Todo o livro é encantador, escrito com uma jovialidade que contrasta com a dura realidade da Rússia na época. O Conde é uma personagem sempre educada, conhecedora das boas maneiras, e facilmente somos atraídos pela sua disposição. De capítulo a capítulo, sem aviso e sem momentos aborrecidos, somos surpreendidos com pequenos gestos que nos provam que há sempre mais a esperar desta leitura, como uma gaveta secreta ou uma história por contar. E é disso que este livro é feito: os pequenos gestos, os encontros, o acumular de pequenas experiências que tornam o Metropol uma existência digna de ser lembrada.

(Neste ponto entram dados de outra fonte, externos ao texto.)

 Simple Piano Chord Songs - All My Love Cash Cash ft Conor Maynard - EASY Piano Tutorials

O contexto histórico é, claro, importantíssimo. O nosso Conde, resguardado na sua prisão luxuosa, sofre apenas indirectamente os efeitos da nova Rússia. E mesmo nisso o livro é uma leitura maravilhosa, a fazer lembrar o estilo de O Rapaz de Pijama às Riscas ou A Rapariga que Roubava Livros. A realidade, brutal, é apenas discretamente apresentada, com a ingenuidade inerente àqueles que não a sentem na pele. No caso do nosso Gentleman, apenas percebemos o efeito da História pelas pessoas que passam no Metropol, as mudanças na gerência e nos costumes, nos zunzuns dos corredores, mas sem nunca presenciar verdadeiramente os horrores que se viveram. Ainda assim, lá estão esses pesadelos, arranhando a porta do hotel. E se o nosso Conde é sempre uma personagem tão convidativa, será talvez porque esta “prisão” conservou a sua aura, alienada dos sofrimentos nas ruas do seu país (que, ao longo das décadas, é cada vez menos seu).

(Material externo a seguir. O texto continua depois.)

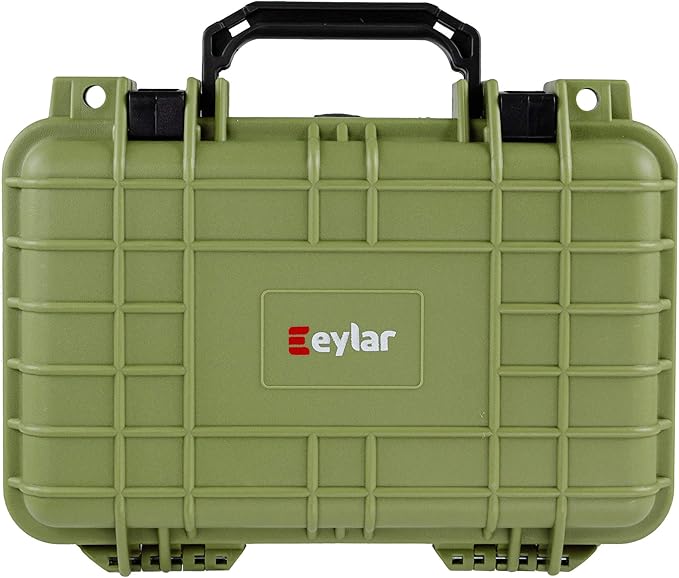 Eylar Protective Gear and Camera Hard Case Waterproof Dry Box by Eylar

É um livro muito descontraído. Apesar das suas 500 páginas, lê-se num ápice. A sua grande proeza é ser capaz de ser descontraído e elegante ao mesmo tempo. O escritor prova que uma escrita apurada, rica, de qualidade digna de clássicos, pode ser uma escrita descontraída, sem presunções. E se não nomeio desde já este livro como um clássico da Literatura Moderna, será talvez pelo seu estilo talvez demasiado propagandista (claramente defensor das aristocracias do séc. XIX), que várias vezes se torna tão evidente que quebrou um pouco a minha leitura.

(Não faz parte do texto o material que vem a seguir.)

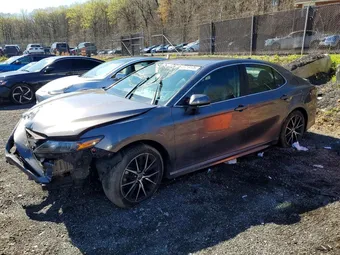 2022 Toyota Camry 4T1G11AK5NU698067 Lot 48316176
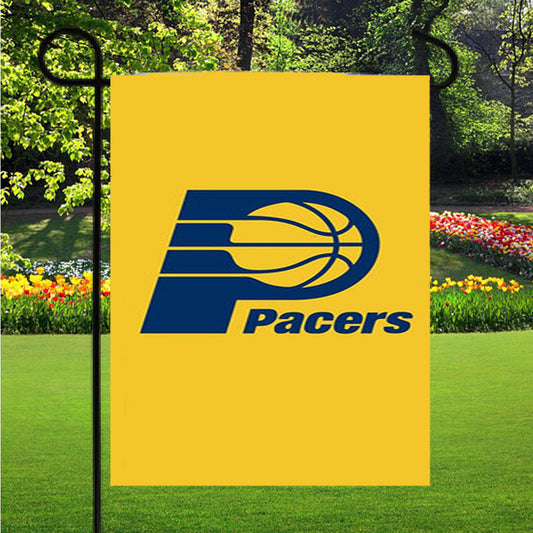 Indiana Pacers Garden Flag Outdoor Lawn 12X18 Inch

Tenho muita, muita dificuldade em classificar o livro. Quatro estrelas ou cinco estrelas? A verdade é que foi uma leitura soberba e com uma característica que, para mim, distingue os grandes livros: faz-nos querer reler. Por isso, talvez merecesse cinco estrelas. Não obstante, guardarei as cinco estrelas para aqueles livros nos quais não encontro qualquer falha, qualquer que ela seja. O livro peca, como disse, por um saudosimo dos tempos da aristocracia que, em certos momentos, soa a alguma propaganda, e apesar de ser suposto simpatizarmos com esse estilo de vida creio que era desnecessária. A propaganda pode ser dissimulada no enredo, inteligente, e é-lo a maior parte das vezes. Mas nem sempre. Para além disso, várias vezes o narrador da história quebrou a minha dedicação à leitura, e aqui encontro a maior falha deste livro. Frequentemente varia entre um narrador não participante, contando a história como se fosse um mero observador omnisciente e omnipresente, e um narrador que aparenta fazer parte do próprio hotel, como se ele próprio lá vivesse. O conflito é grande, a dúvida interrompe o ritmo da leitura e chegados ao fim conclui-se que estas variações no estilo foram completamente inúteis e nada acrescentam à qualidade da escrita.

Não me vejo a adquirir os restantes livros do autor na sua edição original (não fiquei fã a esse ponto), mas espero sinceramente que a D. Quixote decida editar os seus outros livros. Um Gentleman em Moscovo é um livro soberbo, que na sua postura sempre elegante conquistará os leitores portugueses este ano.